Overview
Enterprise Vector Database Generator
The Vector Database Config Generator helps you deploy and connect to Vector Databases used in RAG (Retrieval-Augmented Generation) applications. It configures memory limits, embedding dimensions, and LangChain integrations automatically.
Short Answer: Use this tool to generate production-ready docker-compose.yml files or Kubernetes deployments for Pinecone, Chroma, Weaviate, Milvus, pgvector, Redis, Elasticsearch, and Qdrant.
How It Works
- Select Engine: Choose your preferred Vector DB provider.
- Choose Deployment: Run it locally via Docker, natively in Kubernetes, or configure a Cloud connection.
- Match Dimensions: Set the embedding dimension to match your LLM (e.g. 1536 for OpenAI).
- Generate: Get the exact infrastructure configuration and LangChain integration snippet required to connect.
Best Practices
- Always set memory limits (`limits.memory`) on your Vector DB containers. They hold HNSW graphs in RAM and will crash the host if they run out of memory.
- Use Pre-filtering instead of Post-filtering for metadata queries to guarantee the LLM receives the exact Top K results requested.
- Match the distance metric (Cosine, Euclidean, Dot Product) to the exact specification of the embedding model you are using.
Common Mistakes
- Changing the embedding model (e.g., from text-embedding-3-small to text-embedding-3-large) without completely dropping and recreating the Vector DB index.
- Exposing a local Chroma or Qdrant instance to the internet without configuring authentication.
- Requesting a massive Top K (e.g., 50+) which bloats the LLM context window and causes hallucinations or massive API bills.
Security Recommendations
- Never disable authentication in production. Always require an API Key.
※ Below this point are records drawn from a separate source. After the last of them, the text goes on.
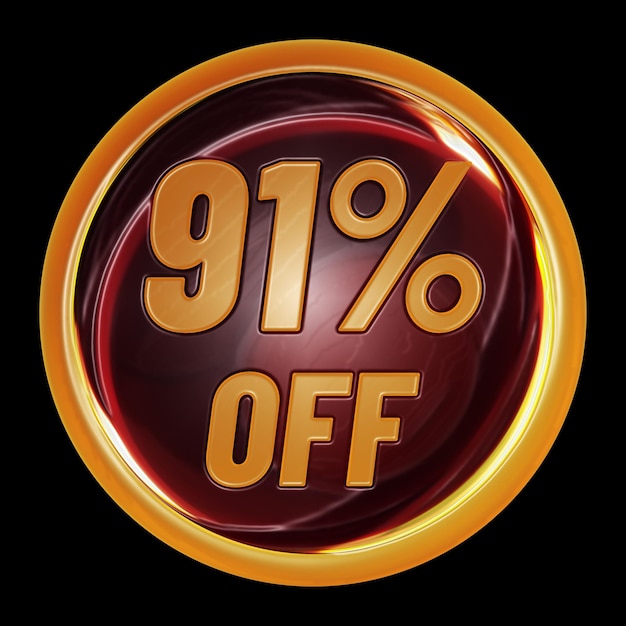 91 percent off on round sign for discount promotion offer and sale concept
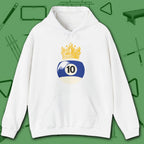 Table Royalty Hoodie, in White color, billiards shirt, front view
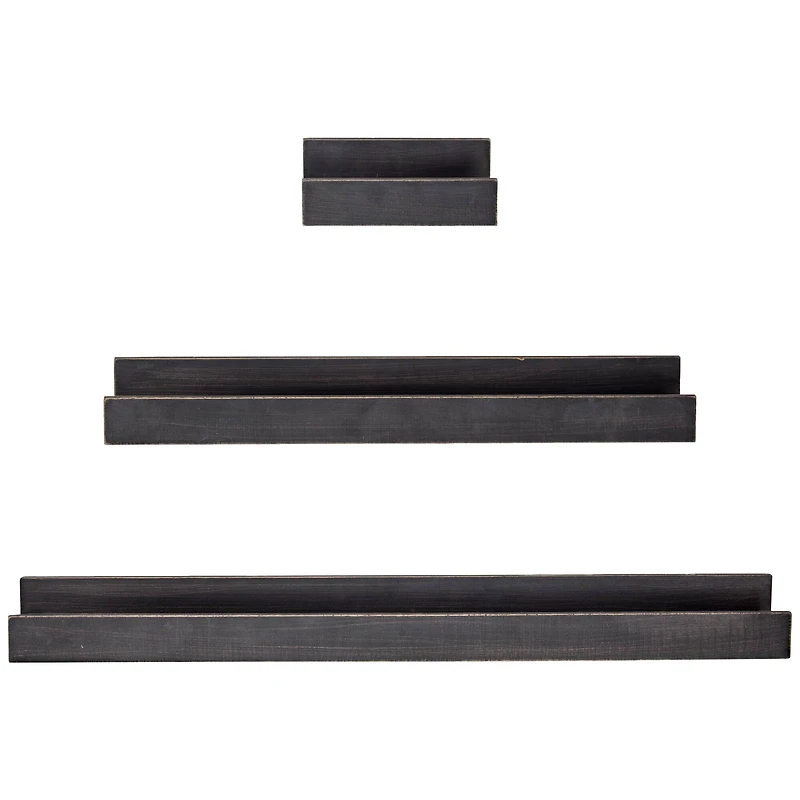 Black Floating Wooden Wall Shelves Set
- Enable TLS (HTTPS) if your Vector DB is hosted on a separate machine from your application backend.
- Use Kubernetes Secrets to inject database passwords and API keys into the container environment.
Frequently Asked Questions
Which vector database should I choose?
If you already use Postgres, `pgvector` is incredibly convenient. For local prototyping, `Chroma` is lightweight. For massive scale, `Pinecone` or `Qdrant` are highly optimized. For hybrid keyword+vector search, `Weaviate` or `Elasticsearch` excel.
What is Hybrid Search?
Hybrid search combines mathematical vector similarity (finding concepts) with traditional keyword/BM25 search (finding exact words). It generally provides the most accurate retrieval for complex RAG applications.